# VW Routan - Anyone drop or lower? Coilovers? Lowering springs?



## Chedman13 (May 30, 2012)

I'm wondering if anyone has dropped their Volkswagen Routan.

I'm not only looking to lower the center of gravity, but also improve handling and lower vehicle for easier entry into the minivan without getting running boards/side steps.

I have always gotten coilover or H&R lowering springs, but not coming up with any product that is off-the shelf.

Anyone find any solutions?


----------



## VWroutanvanman (Feb 12, 2011)

*Bag it*

Here's a link to an airbag suspension kit. It's the only one on the market that I know of, and I don't know of anyone who has done it. There is no one that makes lowering coils for the D-C-R trio, and the only other way is to cut the coils, as some have done (Dodge Caravans). Or your local truck airbag shop can fabricate an airbag setup for the rear only. Here's the link to the complete airbag kit: http://www.airbagit.com/Air-Suspension-kits-all-4-wheels-p/fbs-dod-14-kit3.htm 

This company manufactures their own front airbag strut, which is the key to the kit, as there is no other way to lower the front end, except by cutting the coils, in which case you have to be perfect so the ride height matches from side to side. My van is a handicap van, so I've been looking for a way to lower it. But I thought $3k was a bit steep for a van we plan on trading in in 2 years.
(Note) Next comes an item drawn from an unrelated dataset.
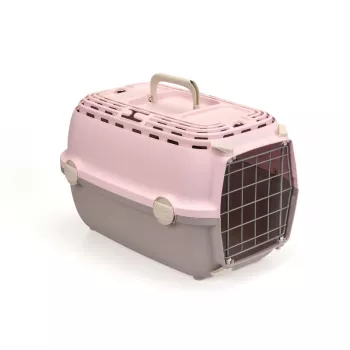STEFANPLAST trasportino Horizon 1 con porta in metallo 48x32x30cm rosa/grigio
PS: My Routan is a Calla Lily white SE w/RSE 2010


----------



## showtz (Mar 29, 2011)

The 2011-2013 Caravan and Town&Country have about a 1" lower ride height. I don't believe the Routan was lowered in 2011 so you could easily use those springs.


----------



## Chedman13 (May 30, 2012)

sweet, thanks.


----------



## VWroutanvanman (Feb 12, 2011)

*R/T springs?*

The Routan uses the "european-tuned suspension" from the european only Chrysler Voyager van, so putting in Dodge Caravan or Chrysler Town & Country springs in it means you lose the stiffer spring of the Routan. But, how about the 40% stiffer spring from the Dodge Caravan R/T? That one should also be 1" lower, so that may be the way to go. 

LATE EDIT: IIRC, the newer GC and T&C have springs that are 12mm lower, which is about 1/2", not 1"


----------